Mykola Vakaruk, 34, said he was taken from his home in Ukrayinsk by unidentified armed servicemen in face masks on December 9, 2014 and brought to a facility in the city of Chervonoarmyisk, which has since been renamed Pokrovsk. There, he said, interrogators wearing insignia of Ukraine’s Dnipro-1 and Donbas battalions beat and kicked him for six hours while he was handcuffed before forcing him to confess to being a separatist spy.
“They were doing it in pairs: when two men got tired from kicking me, another two replaced them,” Vakaruk told Amnesty and HRW. “At some point they said, ‘Do you hear this? Would you want your wife to be next in line?’” he added.
On December 11, Vakaruk was transferred to the SBU facility in Kramatorsk and four days later to the Kharkiv site. In October 2015, he said, he developed a serious kidney problem and his captors took him to a Hospital in Kharkiv. While registered under the false name of Serhiy Ivanov, surgeons removed one of his kidneys. He said he was kept him in intensive care for 10 days before being moved to another room for an additional 20 days. There, he was handcuffed to a bed and supervised by a guard watching around the clock.
On November 27, Vakaruk said, SBU officials returned him to the Kharkiv site, where he stayed until July 25, when he was set free along with Ashykhin and four others.
Dmytro Korolyov, 37, was a policeman in the city of Zaporizhzhya who joined separatists in Donetsk in early June 2014 but returned home weeks later.
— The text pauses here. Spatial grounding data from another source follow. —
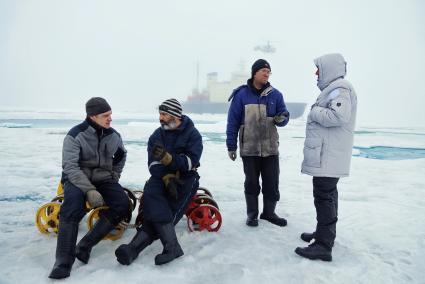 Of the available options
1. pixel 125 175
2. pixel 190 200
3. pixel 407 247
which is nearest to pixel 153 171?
pixel 190 200

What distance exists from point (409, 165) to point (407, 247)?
5730 millimetres

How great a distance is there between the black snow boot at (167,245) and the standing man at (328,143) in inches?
43.2

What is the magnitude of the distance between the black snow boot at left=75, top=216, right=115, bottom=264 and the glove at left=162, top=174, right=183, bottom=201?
0.58m

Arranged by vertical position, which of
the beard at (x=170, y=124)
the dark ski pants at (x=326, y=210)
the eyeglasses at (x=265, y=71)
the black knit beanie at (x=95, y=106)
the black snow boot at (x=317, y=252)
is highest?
the eyeglasses at (x=265, y=71)

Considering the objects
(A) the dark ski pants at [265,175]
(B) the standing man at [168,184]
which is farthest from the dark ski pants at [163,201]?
(A) the dark ski pants at [265,175]

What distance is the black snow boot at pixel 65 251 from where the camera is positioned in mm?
2291

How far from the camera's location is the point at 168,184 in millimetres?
2850

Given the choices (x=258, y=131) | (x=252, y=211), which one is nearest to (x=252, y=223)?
(x=252, y=211)

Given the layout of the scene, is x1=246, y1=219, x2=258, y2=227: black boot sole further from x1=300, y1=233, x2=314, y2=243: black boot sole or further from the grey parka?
the grey parka

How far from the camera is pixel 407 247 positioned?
9.94 feet

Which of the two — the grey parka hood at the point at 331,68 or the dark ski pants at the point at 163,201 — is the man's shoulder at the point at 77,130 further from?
the grey parka hood at the point at 331,68

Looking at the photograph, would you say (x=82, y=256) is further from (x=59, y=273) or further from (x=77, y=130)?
(x=77, y=130)

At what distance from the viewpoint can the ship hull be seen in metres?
59.7

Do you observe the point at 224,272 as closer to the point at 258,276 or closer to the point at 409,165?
the point at 258,276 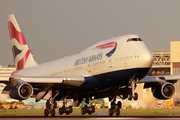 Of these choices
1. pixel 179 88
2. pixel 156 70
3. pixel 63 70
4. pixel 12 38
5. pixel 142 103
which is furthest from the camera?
pixel 156 70

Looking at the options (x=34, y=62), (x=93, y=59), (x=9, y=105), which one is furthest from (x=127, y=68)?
(x=9, y=105)

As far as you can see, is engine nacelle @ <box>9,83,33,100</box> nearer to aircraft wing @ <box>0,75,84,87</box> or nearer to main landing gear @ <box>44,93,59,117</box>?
aircraft wing @ <box>0,75,84,87</box>

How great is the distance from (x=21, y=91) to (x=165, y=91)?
15.7 meters

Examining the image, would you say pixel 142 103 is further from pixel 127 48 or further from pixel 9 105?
pixel 9 105

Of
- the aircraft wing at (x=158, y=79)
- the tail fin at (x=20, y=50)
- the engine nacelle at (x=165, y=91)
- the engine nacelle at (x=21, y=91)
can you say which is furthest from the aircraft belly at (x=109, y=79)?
the tail fin at (x=20, y=50)

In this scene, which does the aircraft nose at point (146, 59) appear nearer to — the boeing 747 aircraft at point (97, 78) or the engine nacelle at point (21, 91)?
the boeing 747 aircraft at point (97, 78)

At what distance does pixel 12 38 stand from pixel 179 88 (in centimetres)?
2568

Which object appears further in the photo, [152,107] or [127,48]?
[152,107]

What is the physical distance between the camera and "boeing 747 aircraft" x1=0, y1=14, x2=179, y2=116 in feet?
117

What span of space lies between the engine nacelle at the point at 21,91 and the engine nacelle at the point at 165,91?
1398 cm

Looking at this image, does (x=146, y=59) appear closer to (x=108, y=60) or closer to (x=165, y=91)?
(x=108, y=60)

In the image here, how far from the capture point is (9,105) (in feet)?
275

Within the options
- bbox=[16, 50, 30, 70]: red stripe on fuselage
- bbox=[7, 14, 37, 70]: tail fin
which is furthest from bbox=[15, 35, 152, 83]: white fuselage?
bbox=[16, 50, 30, 70]: red stripe on fuselage

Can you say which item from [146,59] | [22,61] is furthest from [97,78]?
[22,61] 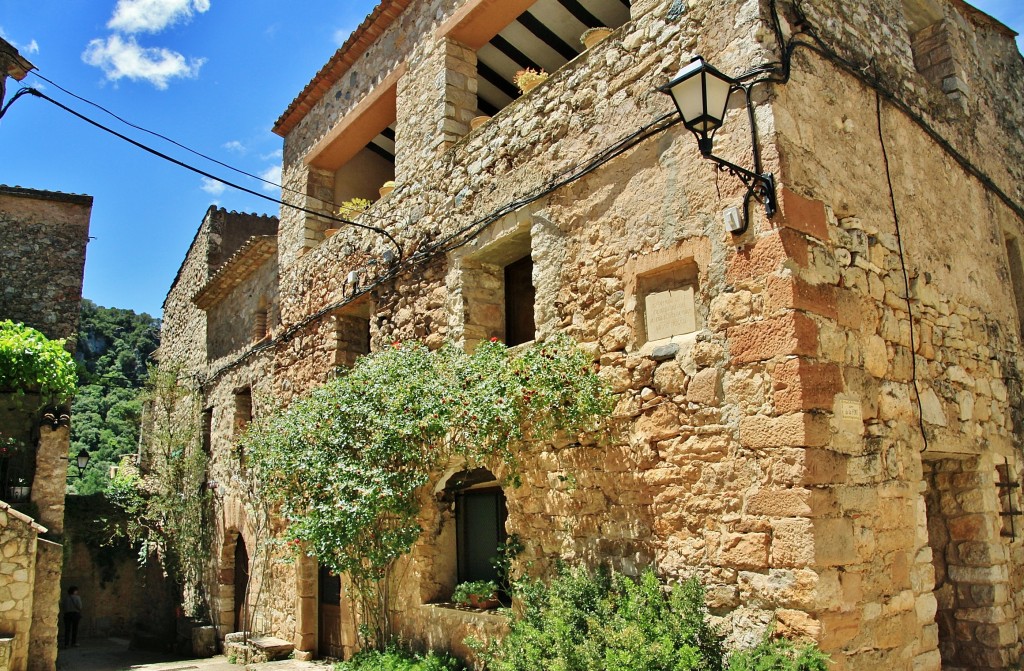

He was arrested in January 2015 and given a five-year suspended sentence for organizing an "unlawful armed group." He was transferred to a detention facility in the city of Dnipro until the verdict came info force. He said that on August 3, 2015, with his release papers in hand after walking free, he was abducted by SBU officials and taken to the Kharkiv site.
Korolyov told Amnesty and HRW he thought he was going to be part of a prisoner exchange. Instead, his captors took him to the Kharkiv site, where he remained until his release on August 2.
In their letter, Amnesty and HRW said Ashykhin, Korolyov, and Vakaruk were invited by the police in their respective hometowns to file reports about their forced disappearances. But police merely wrote in reports that they were no longer missing and closed the missing person cases on each of them.
The police did not open investigations and did not encourage them to file complaints, according to Amnesty and HRW.
Amnesty and HRW said a Russian national named Vladimir Bezobrazov was among at least five people held in secret detention in Kharkiv at the time the letter was written.
“We call on the Ukrainian authorities to commit to an independent and transparent investigation of the information provided in our report and to deliver justice to the victims of these egregious violations,” Yankov said.